<<<<

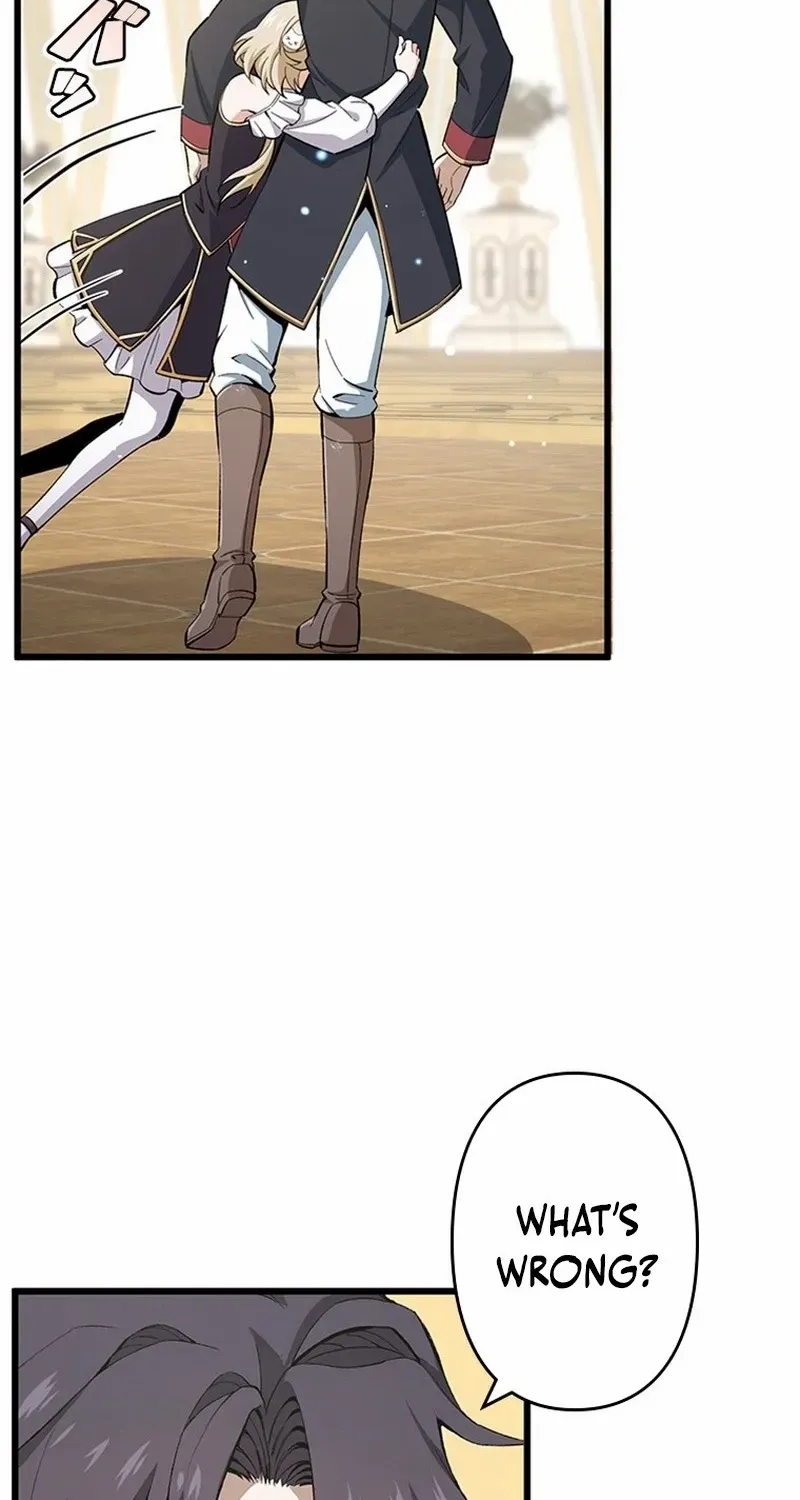 Read Supreme Academy Genius chapter 6 image 17 on Lezhin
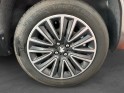 Peugeot 2008 1.2 vti 82 active distri ok occasion simplicicar veauche simplicicar simplicibike france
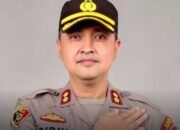 Mantan Kapolres Bima Kota jadi Tersangka Narkoba, Bareskrim Sita Sabu hingga Ketamin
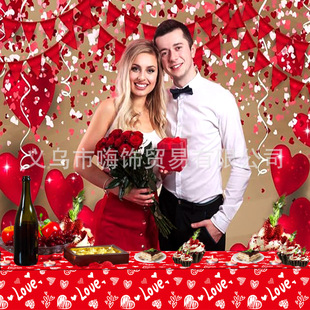 �羳���˹�һ���Ԑ���PE�����b�����Y�o��ĸ�H�����˹��Ɍ�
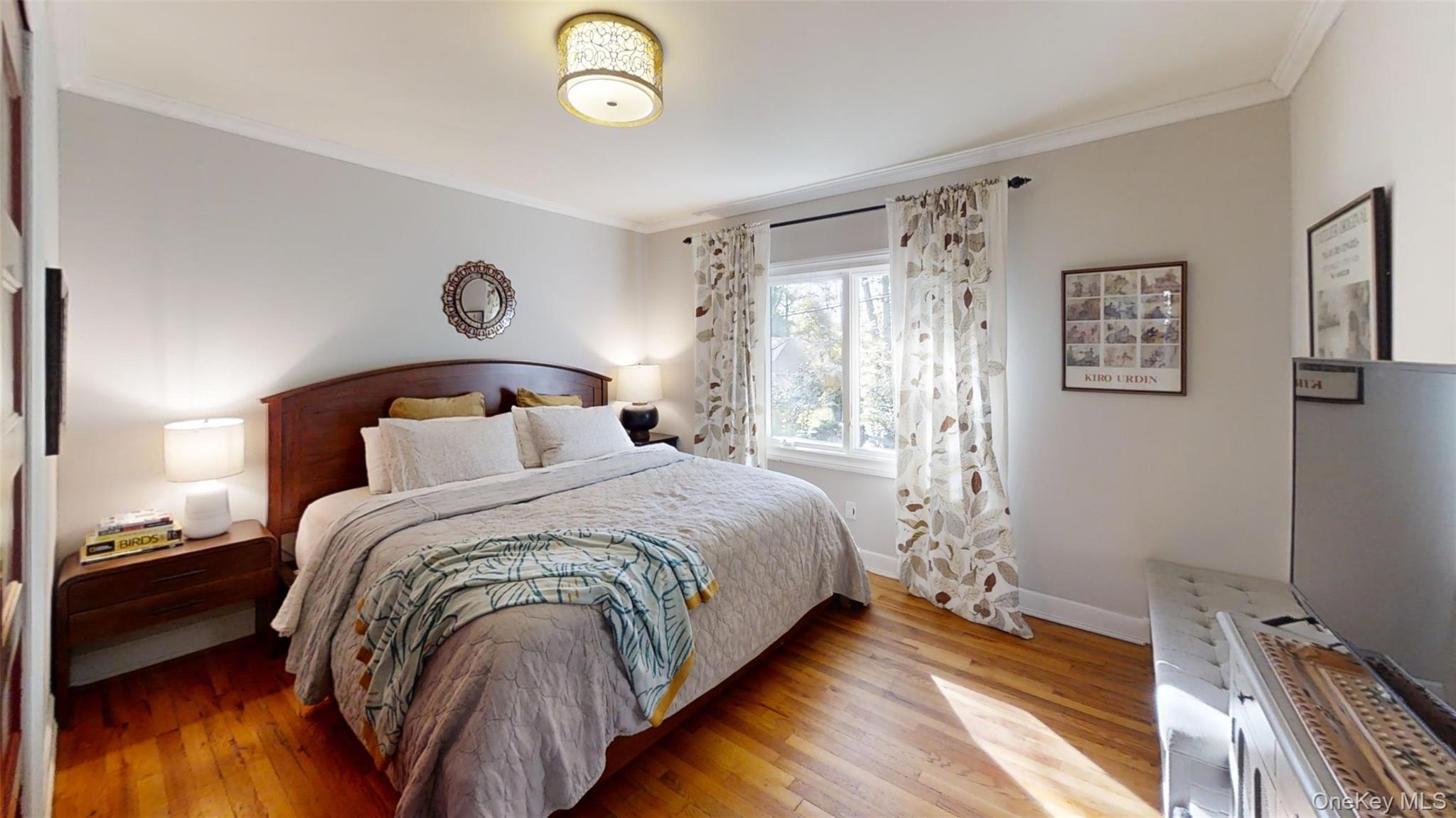 Single Family Semon Suffolk County, NY 11743, MLS-921274-11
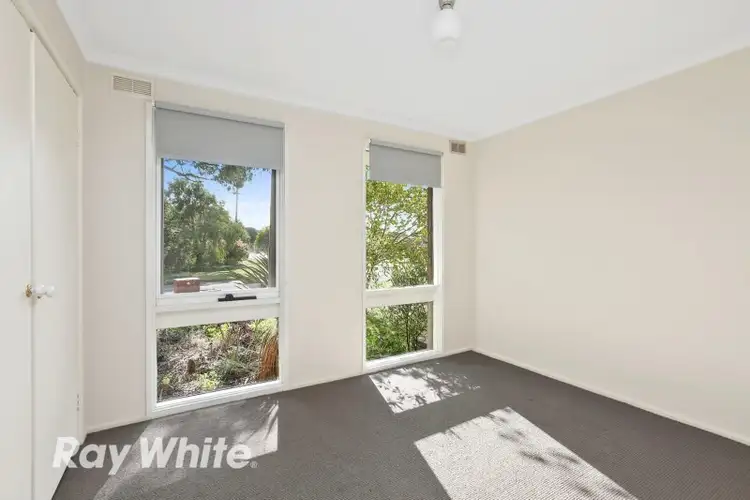 Seventh view of Homely house listing, 1 Peck Court, Lara VIC 3212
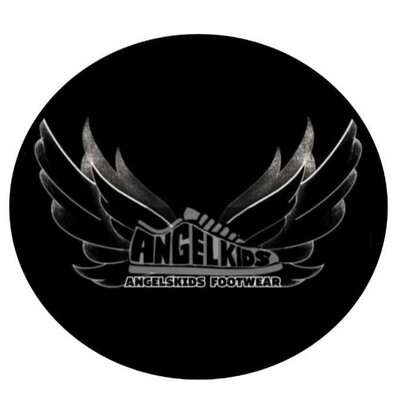 Trademark ANGELKIDS FOOTWEAR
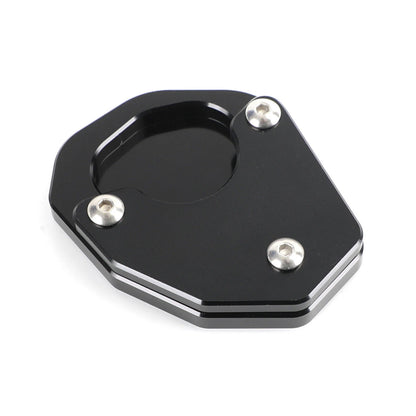 Side Stand Plate for Trident 660 (2021-2022)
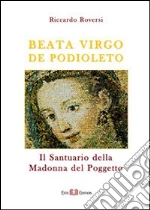 Roversi Riccardo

>>>>

Which lines run from the one containing "Seventh view of" through the last line of the entries above? Output them exactly, both ends included, with no pictures.

 Seventh view of Homely house listing, 1 Peck Court, Lara VIC 3212
 Trademark ANGELKIDS FOOTWEAR
 Side Stand Plate for Trident 660 (2021-2022)
 Roversi Riccardo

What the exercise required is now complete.